▶ [Description of the task]:
Leave out the pictures and print the rest of the entries exactly as they stand.
*** The records
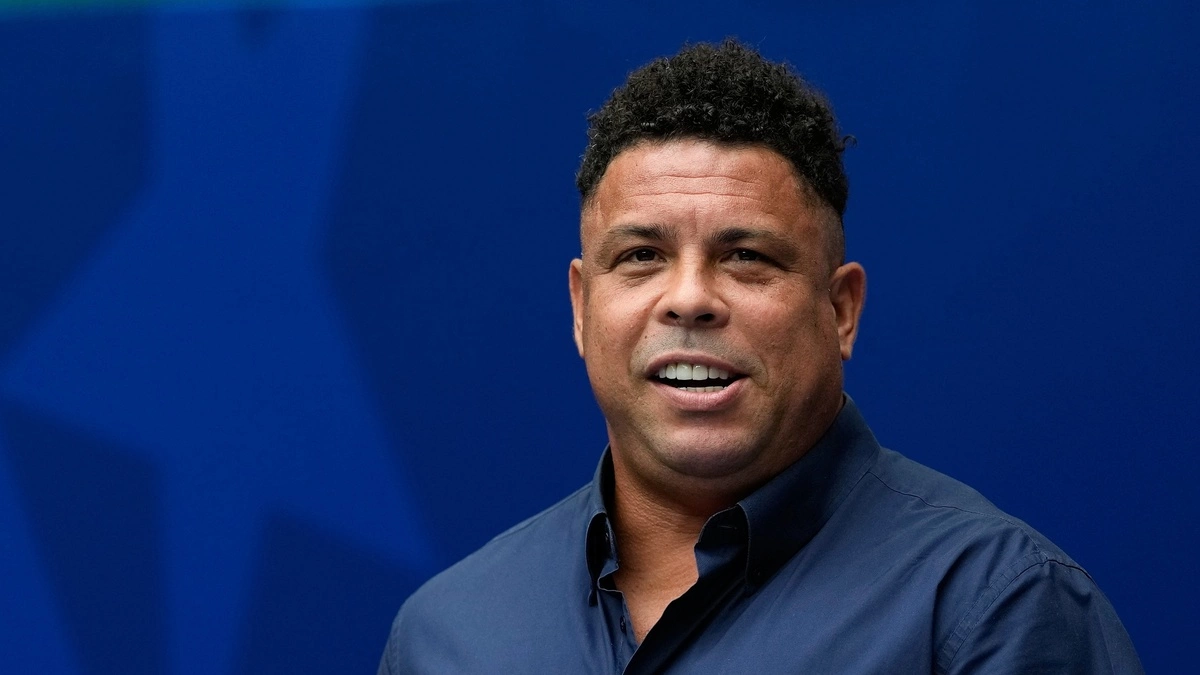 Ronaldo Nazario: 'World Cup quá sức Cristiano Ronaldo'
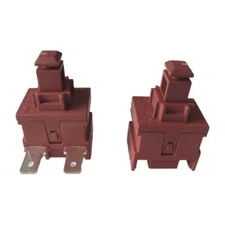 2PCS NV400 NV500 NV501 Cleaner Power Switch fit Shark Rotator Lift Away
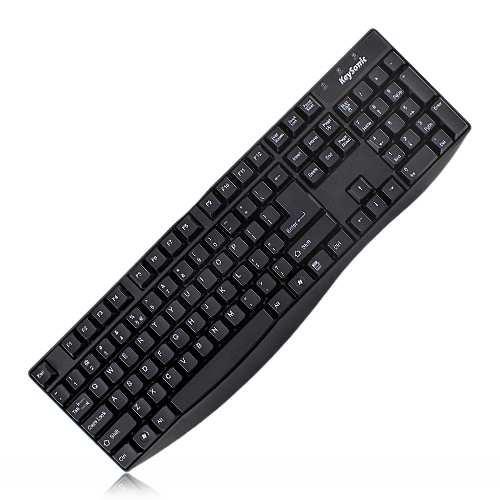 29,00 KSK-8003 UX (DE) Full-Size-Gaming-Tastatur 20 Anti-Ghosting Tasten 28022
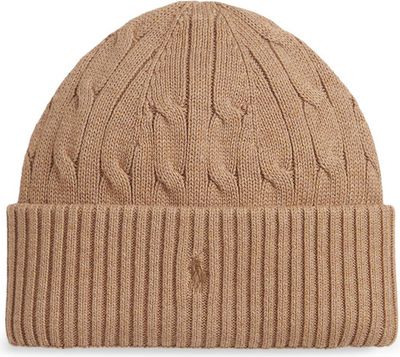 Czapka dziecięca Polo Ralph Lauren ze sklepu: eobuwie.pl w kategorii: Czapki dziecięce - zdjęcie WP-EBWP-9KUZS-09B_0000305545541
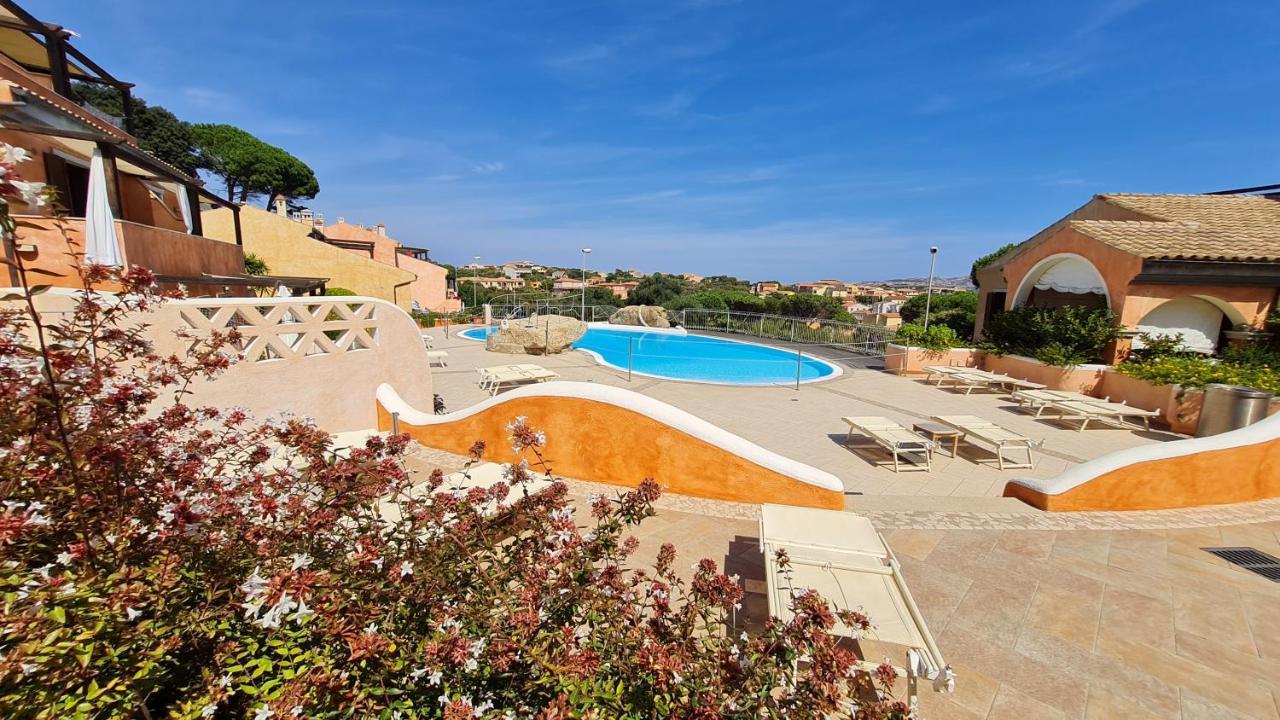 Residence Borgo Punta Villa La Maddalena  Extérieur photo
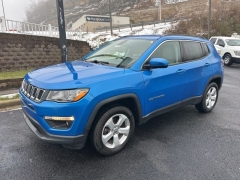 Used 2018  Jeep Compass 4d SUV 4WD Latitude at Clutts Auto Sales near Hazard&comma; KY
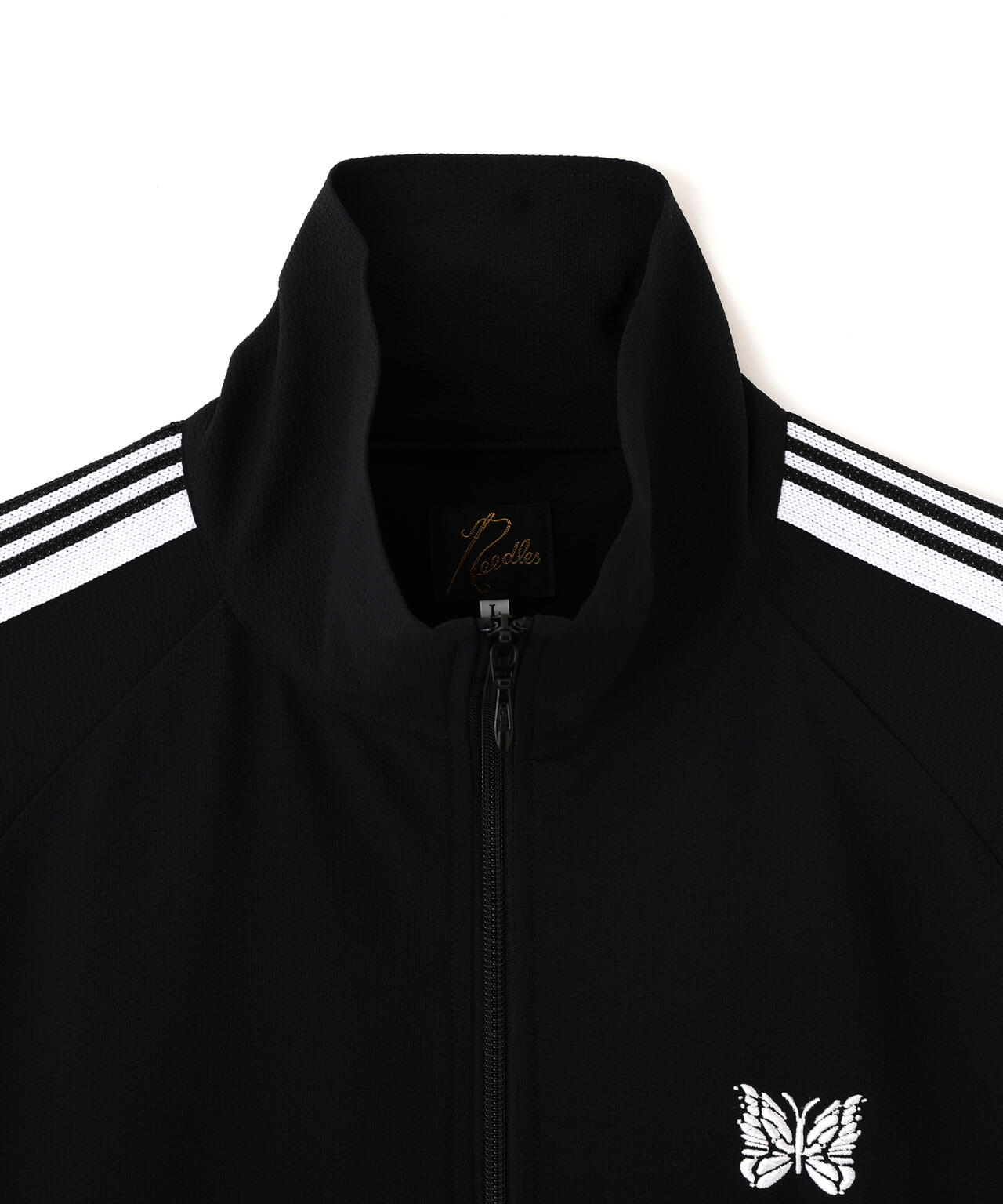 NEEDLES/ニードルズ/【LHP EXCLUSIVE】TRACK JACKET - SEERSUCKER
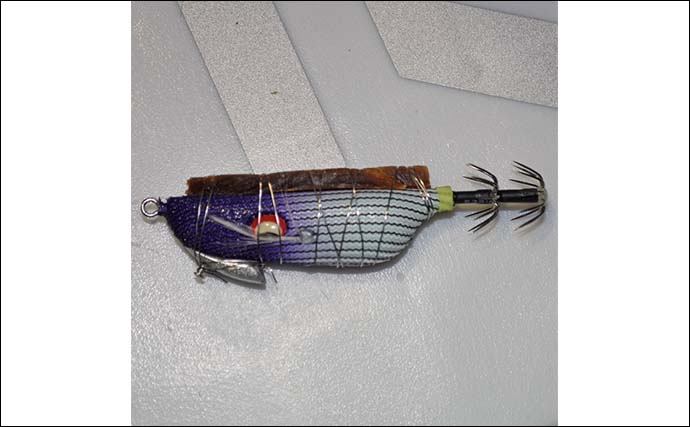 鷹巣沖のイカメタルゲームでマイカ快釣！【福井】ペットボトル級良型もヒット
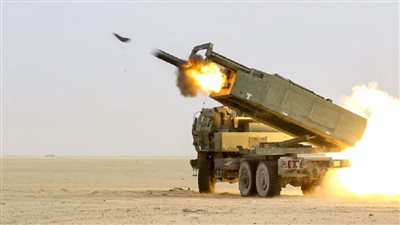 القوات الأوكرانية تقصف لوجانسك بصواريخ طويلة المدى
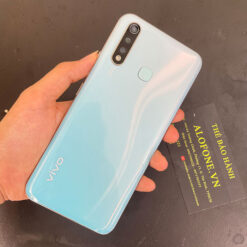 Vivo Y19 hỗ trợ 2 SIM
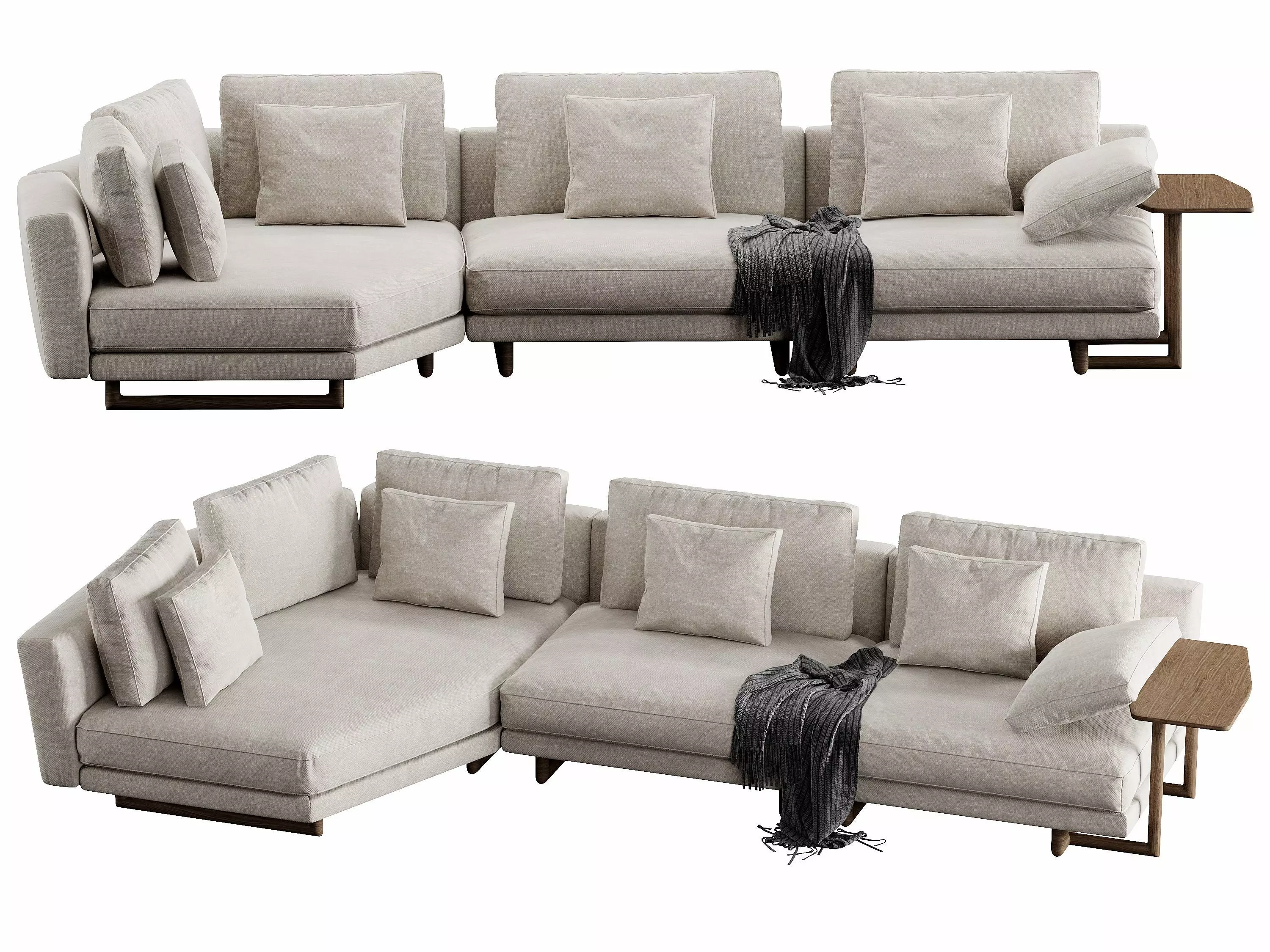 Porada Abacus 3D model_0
******
▶ [Exercise result]:
 Ronaldo Nazario: 'World Cup quá sức Cristiano Ronaldo'
 2PCS NV400 NV500 NV501 Cleaner Power Switch fit Shark Rotator Lift Away
 29,00 KSK-8003 UX (DE) Full-Size-Gaming-Tastatur 20 Anti-Ghosting Tasten 28022
 Czapka dziecięca Polo Ralph Lauren ze sklepu: eobuwie.pl w kategorii: Czapki dziecięce - zdjęcie WP-EBWP-9KUZS-09B_0000305545541
 Residence Borgo Punta Villa La Maddalena  Extérieur photo
 Used 2018  Jeep Compass 4d SUV 4WD Latitude at Clutts Auto Sales near Hazard&comma; KY
 NEEDLES/ニードルズ/【LHP EXCLUSIVE】TRACK JACKET - SEERSUCKER
 鷹巣沖のイカメタルゲームでマイカ快釣！【福井】ペットボトル級良型もヒット
 القوات الأوكرانية تقصف لوجانسك بصواريخ طويلة المدى
 Vivo Y19 hỗ trợ 2 SIM
 Porada Abacus 3D model_0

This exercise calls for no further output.